Gute Extremisten, schlechte Extremisten

Ahmed Rashid über Pakistan und Afghanistan nach dem Tod Bin Ladens

Was bedeutet die Erschießung Osama Bin Ladens für Al-Kaida und die Taliban? Was muss die internationale Gemeinschaft unternehmen, um eine politische Lösung für Afghanistan zu finden, welche Rolle kann Pakistan dabei spielen? Der britisch-pakistanische Journalist und Taliban-Experte Ahmed Rashid im Gespräch.

IP: Herr Rashid, am vergangenen Montag haben amerikanische Spezialkräfte in Pakistan den Al-Kaida-Chef Osama Bin Laden erschossen. Was bedeutet sein Tod für Al-Kaida? 

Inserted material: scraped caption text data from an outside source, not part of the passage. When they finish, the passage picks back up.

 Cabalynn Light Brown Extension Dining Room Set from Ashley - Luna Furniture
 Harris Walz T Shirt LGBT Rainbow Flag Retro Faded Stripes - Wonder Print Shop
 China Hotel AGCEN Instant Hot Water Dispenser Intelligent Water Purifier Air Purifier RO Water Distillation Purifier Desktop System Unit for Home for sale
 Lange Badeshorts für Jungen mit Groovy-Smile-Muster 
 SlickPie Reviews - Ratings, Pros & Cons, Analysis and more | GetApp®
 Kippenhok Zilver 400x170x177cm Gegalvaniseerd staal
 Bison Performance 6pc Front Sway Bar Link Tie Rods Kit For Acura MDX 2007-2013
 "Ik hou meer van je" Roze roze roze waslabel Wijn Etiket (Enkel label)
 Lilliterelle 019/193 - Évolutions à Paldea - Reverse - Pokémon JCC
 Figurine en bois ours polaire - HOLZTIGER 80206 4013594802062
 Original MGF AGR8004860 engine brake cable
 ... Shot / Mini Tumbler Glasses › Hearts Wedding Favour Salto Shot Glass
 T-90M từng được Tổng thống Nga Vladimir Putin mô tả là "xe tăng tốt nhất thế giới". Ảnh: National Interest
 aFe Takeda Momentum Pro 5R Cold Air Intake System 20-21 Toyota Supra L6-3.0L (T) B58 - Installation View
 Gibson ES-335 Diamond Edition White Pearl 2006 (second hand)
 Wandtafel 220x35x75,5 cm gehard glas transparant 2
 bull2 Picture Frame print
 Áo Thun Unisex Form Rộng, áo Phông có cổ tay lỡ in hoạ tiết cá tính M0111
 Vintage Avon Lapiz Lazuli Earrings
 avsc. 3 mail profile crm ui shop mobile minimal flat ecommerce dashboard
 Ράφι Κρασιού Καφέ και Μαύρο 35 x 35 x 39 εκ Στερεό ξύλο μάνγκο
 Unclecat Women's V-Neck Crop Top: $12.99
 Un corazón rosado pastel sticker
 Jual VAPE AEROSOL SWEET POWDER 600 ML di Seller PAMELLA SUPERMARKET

Rashid: Für Al-Kaida heißt das, dass sie den Schwerpunkt ihrer Aktivitäten von Pakistan in ein anderes Land verlegen muss, vielleicht in den Jemen. Die Auswertung der Computer und Festplatten, die von den Amerikanern in Bin Ladens Unterschlupf gefunden wurden, werden sicher Einiges über Al-Kaida in Pakistan offenbaren – das dürfte für die Organisation zu riskant werden.

IP: Viele Beobachter sind der Ansicht, dass Pakistan oder doch zumindest Teile der Regierung wussten, wo sich Osama Bin Laden versteckt hielt …

Rashid: Dass es im Falle Bin Ladens ein Unterstützer-Netzwerk gab, dürfte außer Zweifel stehen. Ich habe keine Ahnung, wer genau es war, es können Mitglieder des Staatsapparats oder des Militärs gewesen sein. Vergessen Sie nicht, dass viele dieser militärischen Gruppen  Führungsmitgliedern von Al-Kaida nach dem 11. September Unterschlupf gewährt haben. Zeit, dass dieses Unterstützer-Netzwerk einmal genauer durchleuchtet wird.

IP: Wie ernsthaft betreibt Pakistan denn die Bekämpfung solcher Gruppen?

Rashid: Ich glaube, man ist da in der Vergangenheit eher, nennen wir es mal: selektiv vorgegangen. Man hat Al-Kaida und auch Teile der Taliban bekämpft, aber andere Gruppierungen gewähren lassen, etwa die, die in Indien operierten. Diese Politik, den einen Schurken zu töten und den anderen laufen zu lassen, wird man aufgeben müssen. Das schadet der Glaubwürdigkeit in hohem Maße.

IP: Wie gefährlich ist es denn für die pakistanische Gesellschaft selbst?

Rashid: Ausgesprochen gefährlich. Die Unterscheidung in gute Extremisten und böse Extremisten hat katastrophale Folgen für Pakistan. Wir erleben hier täglich Selbstmordattentate  – zum Teil als Ergebnis dieser Politik.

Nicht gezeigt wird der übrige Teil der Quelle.